Sunday 22 September 2013

Candide: 'If this is the best of all possible worlds, what then are the others?'

Last Thursday night I went to see a performance of Candide at the RSC's Swan Theatre in Stratford. In many ways, it was one of the strangest plays I have ever seen. Ignorantly, I anticipated a straightforward performance of Voltaire's tale, yet what emerged was a far more loosely interpreted interweaving of the traditional Candide story with various, heterogenous narrative strands; threads ranging in setting from the idealised, antiquated past, to harsh, black contemporary London, to a futuristic neon dystopia, and ranging in humour from comic, comical-tragical, tragical-historical & c. *see Polonius' list in Shakespeare's The Winter's Tale.

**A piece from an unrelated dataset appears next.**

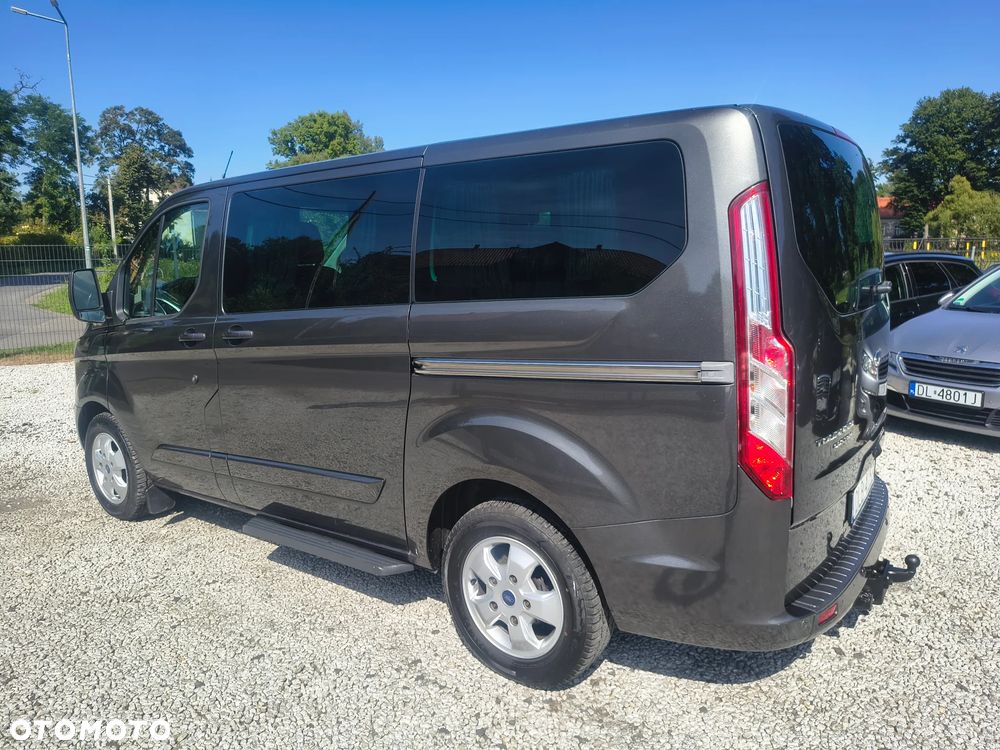 Ford Tourneo Custom - 9
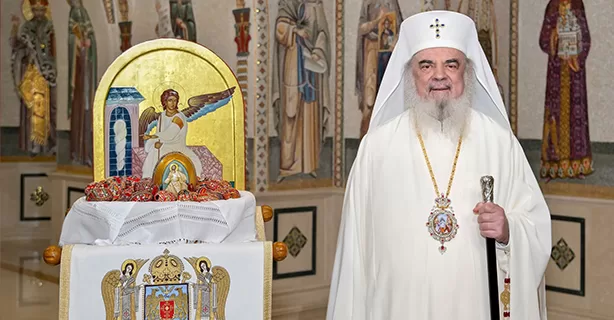Patriarhul Daniel:  să împărtășim celor din jurul nostru, iubirea, pacea şi bucuria lui Hristos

The play, misleadingly, begins in the original Renaissance setting of Voltaire's story. Candide has found himself in the lavish home of a wealthy, older lascivious Countess (Ishia Bennison). In order to wake him from his depressed stupor (we begin, oddly, after many of the story's actual sad events have taken place), the Countess plans to put on a play of Candide's life and journey (using details surreptitiously gleaned from his journal). This meta-theatrical twist is perhaps the first signal that the RSC's Candide is not going to be your standard, run-of-the-mill performance - as the play develops classic is insistently replaced with 'original' and diverting. 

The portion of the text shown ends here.